[PATCH] fix wait_event of pg_stat_activity in case of high amount of connections

Поиск
Список
Период
Сортировка
От Michael Zhilin
Тема [PATCH] fix wait_event of pg_stat_activity in case of high amount of connections
Дата
Msg-id ab1c0a7d-e789-5ef5-1180-42708ac6fe2d@postgrespro.ru
обсуждение исходный текст
Ответы Re: [PATCH] fix wait_event of pg_stat_activity in case of high amount of connections  (Justin Pryzby <pryzby@telsasoft.com>)
Список pgsql-hackers
Hi,

I would like to submit patch for column wait_event of view 
pg_stat_activity. Please find it attached.

The view pg_stat_activity provides snapshot of actual backends' state 
with following columns:
   - wait_event contains event name for which backend is waiting for;
   - state of backend, for instance active or idle.
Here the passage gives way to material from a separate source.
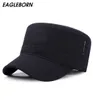 EAGLEBORN 2020 Classic Vintage Flat Top Mens lavato berretti e cappello regolabile montato più spesso berretto invernale caldo cappelli militari per gli uomini T9929307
We observe that in high load applications the value of column wait_event 
of pg_stat_activity is incorrect. For instance, it can be "ClientRead" 
for active backends. According to source code, the wait event 
"ClientRead" is possible only for idle or 'idle in transaction' 
backends. So if backend is active, the wait_event can't be 'ClientRead'.

The key parameter to reproduce defect is high value of max_connections 
(more than 1000). Let's do the following:
   - create new database (initdb)
   - set max_connections to 10000
   - trigger pgbench in select-only mode (200 connections, 1 job)
   - fetch data from pg_stat_activity

The following query can be used to detect problem:

select state, wait_event, backend_type, count(1)
    from pg_stat_activity
   group by 1,2,3;

The pgbench command is following:

pgbench -n -c 200 -j 1 -T 60 -P 1 -M prepared -S postgres

Before patch, the output looks like:

postgres=# select state, wait_event, backend_type,  count(1) from 
pg_stat_activity group by 1,2,3;
   state  |     wait_event      |         backend_type         | count
--------+---------------------+------------------------------+-------
   idle   |                     | client backend               |     3
   active |                     | client backend               |     1
          | WalWriterMain       | walwriter                    |     1
          | CheckpointerMain    | checkpointer                 |     1
          | LogicalLauncherMain | logical replication launcher |     1
          | AutoVacuumMain      | autovacuum launcher          |     1
          | BgWriterHibernate   | background writer            |     1
   active | ClientRead          | client backend               |     4
   idle   | ClientRead          | client backend               |   193
(9 rows)

Time: 4.406 ms

Please pay attention to lines with state 'active' and wait_event 
'ClientRead'. According to output above, we see 4 backends with such 
combination of state and wait_event.

After patch, the output is better:

postgres=# select state, wait_event, backend_type,  count(1) from 
pg_stat_activity group by 1,2,3;
   state  |     wait_event      |         backend_type         | count
--------+---------------------+------------------------------+-------
          |                     | walwriter                    |     1
   active |                     | client backend               |     5
          | LogicalLauncherMain | logical replication launcher |     1
          | AutoVacuumMain      | autovacuum launcher          |     1
          |                     | background writer            |     1
   idle   | ClientRead          | client backend               |   196
          |                     | checkpointer                 |     1
(7 rows)

Time: 1.520 ms

The lines with active-ClientRead and idle-nowait are disappeared and 
output looks expecting: 5 active backend with no wait, 196 idle 
connections with wait event ClientRead.

The output is incorrect because state & wait information are gathered at 
different times. At first, the view gathers backends' information into 
local structures and then it iterates over backends to enrich data by 
wait event. To read wait event it tries to get LWLock per backend, so 
iterating over backends takes some time (few milliseconds). As result 
backend wait events may be changed for quick queries.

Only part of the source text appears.